Saturday, February 12, 2011

91 days 22 hours 56 minutes 13 seconds

Today was the first tempo run.

Instructions:
Today you are going to begin with a 15 minute jog. Repeat the following 4 times: run 5 minutes at tempo pace followed by 1 minute of easy running. Finish the workout with 10 minutes of light jogging.
Coach's Notes:
Tempo runs are to be done at a pace where you could carry on a conversation but you would prefer not to. However, you are not to reach an anaerobic pace. On all tempo runs: warm up for at least 10 minutes, sustain your pace for the designated time and cool down for at least 10 minutes (i.e. 45 min. (T) = 10 minutes of warm up, 25 minutes of sustained effort, and 10 minutes of cool down). Recommended heart rate is 85% of your maximum.

I ended up back at the YMCA on the treadmill for the workout. I have been wearing my Garmin 305 and heart rate monitor when running to see about what zone i am in when running.
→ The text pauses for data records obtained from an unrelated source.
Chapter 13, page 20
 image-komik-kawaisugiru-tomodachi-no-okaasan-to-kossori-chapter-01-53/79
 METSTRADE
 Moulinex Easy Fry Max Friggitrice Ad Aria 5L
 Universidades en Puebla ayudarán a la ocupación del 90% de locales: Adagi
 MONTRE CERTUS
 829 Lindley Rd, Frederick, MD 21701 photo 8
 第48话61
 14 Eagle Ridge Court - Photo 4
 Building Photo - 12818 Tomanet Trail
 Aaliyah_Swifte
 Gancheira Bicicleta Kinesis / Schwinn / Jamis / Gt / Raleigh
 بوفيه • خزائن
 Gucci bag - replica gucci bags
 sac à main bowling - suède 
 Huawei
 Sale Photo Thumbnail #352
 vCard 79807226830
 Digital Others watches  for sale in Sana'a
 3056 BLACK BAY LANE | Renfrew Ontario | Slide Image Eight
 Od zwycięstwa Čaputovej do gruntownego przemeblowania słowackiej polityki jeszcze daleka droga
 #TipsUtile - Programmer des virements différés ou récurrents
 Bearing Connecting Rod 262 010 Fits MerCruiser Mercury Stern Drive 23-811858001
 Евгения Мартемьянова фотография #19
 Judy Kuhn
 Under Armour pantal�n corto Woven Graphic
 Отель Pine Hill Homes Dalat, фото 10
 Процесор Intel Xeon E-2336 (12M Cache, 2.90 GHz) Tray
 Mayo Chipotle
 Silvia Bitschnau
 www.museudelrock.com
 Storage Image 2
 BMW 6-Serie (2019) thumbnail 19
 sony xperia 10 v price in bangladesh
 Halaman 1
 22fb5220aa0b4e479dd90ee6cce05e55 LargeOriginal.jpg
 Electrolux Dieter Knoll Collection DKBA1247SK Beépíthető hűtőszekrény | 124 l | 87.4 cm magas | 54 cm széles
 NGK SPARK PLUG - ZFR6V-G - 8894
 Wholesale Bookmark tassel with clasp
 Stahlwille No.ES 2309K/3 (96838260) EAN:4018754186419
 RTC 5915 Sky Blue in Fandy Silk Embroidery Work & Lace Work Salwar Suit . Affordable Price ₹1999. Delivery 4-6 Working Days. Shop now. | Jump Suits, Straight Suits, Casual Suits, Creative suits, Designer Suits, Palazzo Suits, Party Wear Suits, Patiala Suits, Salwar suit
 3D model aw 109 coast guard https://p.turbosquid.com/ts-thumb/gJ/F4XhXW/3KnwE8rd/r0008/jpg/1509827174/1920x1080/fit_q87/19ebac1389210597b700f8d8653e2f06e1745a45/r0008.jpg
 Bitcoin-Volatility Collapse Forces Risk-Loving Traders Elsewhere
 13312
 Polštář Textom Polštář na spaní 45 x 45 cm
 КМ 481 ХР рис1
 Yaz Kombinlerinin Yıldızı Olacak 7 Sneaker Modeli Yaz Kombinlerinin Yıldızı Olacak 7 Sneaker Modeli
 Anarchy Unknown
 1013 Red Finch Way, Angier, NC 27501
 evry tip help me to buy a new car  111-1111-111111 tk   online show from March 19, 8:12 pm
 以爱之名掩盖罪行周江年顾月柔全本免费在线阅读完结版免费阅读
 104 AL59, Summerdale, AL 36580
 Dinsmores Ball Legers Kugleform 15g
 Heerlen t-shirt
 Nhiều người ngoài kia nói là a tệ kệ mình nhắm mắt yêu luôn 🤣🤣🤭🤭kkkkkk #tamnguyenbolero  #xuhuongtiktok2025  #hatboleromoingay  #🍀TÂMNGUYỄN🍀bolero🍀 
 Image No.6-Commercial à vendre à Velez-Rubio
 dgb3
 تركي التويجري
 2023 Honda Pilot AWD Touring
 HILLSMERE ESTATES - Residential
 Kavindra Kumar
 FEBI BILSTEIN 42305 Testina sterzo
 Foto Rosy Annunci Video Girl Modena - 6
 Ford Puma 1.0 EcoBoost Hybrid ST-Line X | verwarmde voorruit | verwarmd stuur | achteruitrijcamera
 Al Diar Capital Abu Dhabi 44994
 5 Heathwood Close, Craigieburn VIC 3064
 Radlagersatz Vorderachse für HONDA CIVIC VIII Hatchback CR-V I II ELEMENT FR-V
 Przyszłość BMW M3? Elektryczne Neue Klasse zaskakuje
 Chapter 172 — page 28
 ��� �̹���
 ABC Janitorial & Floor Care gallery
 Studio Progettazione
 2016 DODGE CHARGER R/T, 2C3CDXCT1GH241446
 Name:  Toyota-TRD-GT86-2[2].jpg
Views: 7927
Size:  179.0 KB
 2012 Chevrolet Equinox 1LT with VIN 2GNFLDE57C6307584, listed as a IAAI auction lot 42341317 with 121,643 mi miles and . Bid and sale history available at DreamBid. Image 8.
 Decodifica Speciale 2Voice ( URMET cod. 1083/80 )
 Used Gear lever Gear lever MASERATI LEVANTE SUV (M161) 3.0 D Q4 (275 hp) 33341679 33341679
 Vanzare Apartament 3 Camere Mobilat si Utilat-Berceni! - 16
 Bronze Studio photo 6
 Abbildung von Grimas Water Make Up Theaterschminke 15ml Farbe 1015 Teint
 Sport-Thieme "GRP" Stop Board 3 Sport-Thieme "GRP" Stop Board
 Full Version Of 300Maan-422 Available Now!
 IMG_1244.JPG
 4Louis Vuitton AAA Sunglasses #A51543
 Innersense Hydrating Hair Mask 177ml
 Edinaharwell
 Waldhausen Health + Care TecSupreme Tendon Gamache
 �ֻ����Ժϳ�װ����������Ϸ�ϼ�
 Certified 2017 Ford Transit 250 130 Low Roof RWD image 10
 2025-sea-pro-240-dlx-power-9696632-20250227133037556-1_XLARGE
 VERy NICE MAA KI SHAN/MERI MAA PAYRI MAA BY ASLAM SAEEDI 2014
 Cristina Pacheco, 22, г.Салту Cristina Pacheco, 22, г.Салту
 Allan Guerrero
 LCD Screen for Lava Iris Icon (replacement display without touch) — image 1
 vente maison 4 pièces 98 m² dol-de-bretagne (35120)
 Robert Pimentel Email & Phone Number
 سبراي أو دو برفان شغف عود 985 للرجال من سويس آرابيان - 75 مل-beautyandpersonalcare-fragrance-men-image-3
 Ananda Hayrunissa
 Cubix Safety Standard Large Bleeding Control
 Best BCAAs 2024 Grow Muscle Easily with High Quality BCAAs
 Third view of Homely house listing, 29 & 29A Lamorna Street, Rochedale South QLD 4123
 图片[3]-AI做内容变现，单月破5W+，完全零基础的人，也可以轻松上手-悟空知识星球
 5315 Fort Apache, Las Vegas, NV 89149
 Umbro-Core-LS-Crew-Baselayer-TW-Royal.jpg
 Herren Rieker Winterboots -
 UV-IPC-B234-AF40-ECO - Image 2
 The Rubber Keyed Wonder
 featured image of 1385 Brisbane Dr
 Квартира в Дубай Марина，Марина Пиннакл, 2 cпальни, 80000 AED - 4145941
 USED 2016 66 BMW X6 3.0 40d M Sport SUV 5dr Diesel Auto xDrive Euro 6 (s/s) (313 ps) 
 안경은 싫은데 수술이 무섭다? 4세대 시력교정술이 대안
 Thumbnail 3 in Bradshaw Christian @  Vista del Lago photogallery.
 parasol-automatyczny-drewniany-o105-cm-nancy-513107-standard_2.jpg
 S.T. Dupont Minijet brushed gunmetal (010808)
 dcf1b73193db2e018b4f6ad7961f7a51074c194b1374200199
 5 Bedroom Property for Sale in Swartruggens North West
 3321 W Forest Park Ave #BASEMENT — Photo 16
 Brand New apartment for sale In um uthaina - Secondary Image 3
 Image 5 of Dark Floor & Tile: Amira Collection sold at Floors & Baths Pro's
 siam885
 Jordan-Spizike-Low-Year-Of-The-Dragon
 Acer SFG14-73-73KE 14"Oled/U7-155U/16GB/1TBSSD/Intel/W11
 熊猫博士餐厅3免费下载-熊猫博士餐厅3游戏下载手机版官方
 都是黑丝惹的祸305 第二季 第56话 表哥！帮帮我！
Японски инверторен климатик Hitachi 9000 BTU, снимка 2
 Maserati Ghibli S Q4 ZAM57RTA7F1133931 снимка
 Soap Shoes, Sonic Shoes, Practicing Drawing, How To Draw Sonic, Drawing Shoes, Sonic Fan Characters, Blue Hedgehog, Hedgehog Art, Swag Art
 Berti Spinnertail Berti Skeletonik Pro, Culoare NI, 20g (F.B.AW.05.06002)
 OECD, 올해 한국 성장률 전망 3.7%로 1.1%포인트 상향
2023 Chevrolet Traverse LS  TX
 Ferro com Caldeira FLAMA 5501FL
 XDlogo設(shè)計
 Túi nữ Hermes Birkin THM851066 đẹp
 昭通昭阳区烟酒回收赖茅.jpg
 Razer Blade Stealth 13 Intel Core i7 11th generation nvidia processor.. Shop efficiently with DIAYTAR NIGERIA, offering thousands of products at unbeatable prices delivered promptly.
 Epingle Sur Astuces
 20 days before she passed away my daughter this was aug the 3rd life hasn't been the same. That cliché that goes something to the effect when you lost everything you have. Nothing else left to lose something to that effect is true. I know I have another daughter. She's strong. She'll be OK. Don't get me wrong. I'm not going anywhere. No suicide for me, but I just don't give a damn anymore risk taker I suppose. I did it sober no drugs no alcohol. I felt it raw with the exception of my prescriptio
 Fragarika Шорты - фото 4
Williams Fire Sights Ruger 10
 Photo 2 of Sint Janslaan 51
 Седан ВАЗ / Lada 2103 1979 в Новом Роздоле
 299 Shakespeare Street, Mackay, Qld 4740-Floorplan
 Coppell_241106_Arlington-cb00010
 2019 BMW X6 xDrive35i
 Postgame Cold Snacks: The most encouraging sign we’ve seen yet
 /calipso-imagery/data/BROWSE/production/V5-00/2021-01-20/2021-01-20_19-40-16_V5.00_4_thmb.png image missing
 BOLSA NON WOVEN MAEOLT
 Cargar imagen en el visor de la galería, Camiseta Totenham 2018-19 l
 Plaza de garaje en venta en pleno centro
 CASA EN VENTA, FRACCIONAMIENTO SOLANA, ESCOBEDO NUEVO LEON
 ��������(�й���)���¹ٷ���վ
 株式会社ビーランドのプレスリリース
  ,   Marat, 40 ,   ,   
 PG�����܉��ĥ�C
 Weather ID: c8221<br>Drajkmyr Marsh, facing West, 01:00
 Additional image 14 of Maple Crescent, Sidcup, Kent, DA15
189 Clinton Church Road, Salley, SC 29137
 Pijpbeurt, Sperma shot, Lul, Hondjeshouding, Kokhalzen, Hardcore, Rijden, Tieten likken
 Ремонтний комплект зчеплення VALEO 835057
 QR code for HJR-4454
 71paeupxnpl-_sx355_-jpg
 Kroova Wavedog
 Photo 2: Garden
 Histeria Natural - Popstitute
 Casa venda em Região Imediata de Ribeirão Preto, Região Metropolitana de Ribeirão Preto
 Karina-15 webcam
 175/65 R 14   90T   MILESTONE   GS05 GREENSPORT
Warmup was fine, by ten minutes my heart rate was about 145. Thats about the normal on the easy runs. Then in the first 5 minute tempo @ 8:34 it went up to about 170-175. During recovery it dropped back down fairly quick to the 140's. I did a 2 minute recovery in between instead of one minute. The second tempo was the same on heart rate but seemed easier. The third and four were horrid! I almost felt like it was going to past out. The 10 minute cool down was more like a 5 minute walk then back up to 10:30 for the last 5 minutes. I did walk another 5 for cool down. I hope it gets easier as time goes by, I am sure it will. 
I have been stretching a lot after my runs about 5-10 minutes. I have been getting so tight lately and haven't really done a lot of stretching in the past, so I wanted to get a jump on it.

"IRONMAN YMCA"
Walking out of the cardio room I notice a pin up that said IronMan. Its a challenge of different levels to complete Ironman distances within a certain time or even smaller levels if you want. I think Gold level if you do the full distance within two weeks. Silver within 4 weeks and Bronze if done in 6 weeks. For the Elite the 26.2 has to be all running or jogging to count. It can be on the treadmill or outside. The bike 112 has to be in a upright normal position bike, not a sit down, lean back one. It can be a exercise, spin, trainer or even outside. The 2.4 swim has to be done in on lap days. None of the distances have to been done at one time. There is a log that you record all your workouts and once you hit your goal you finished that category. So of course I signed up for it. You get a cool shirt when you finish, so why not!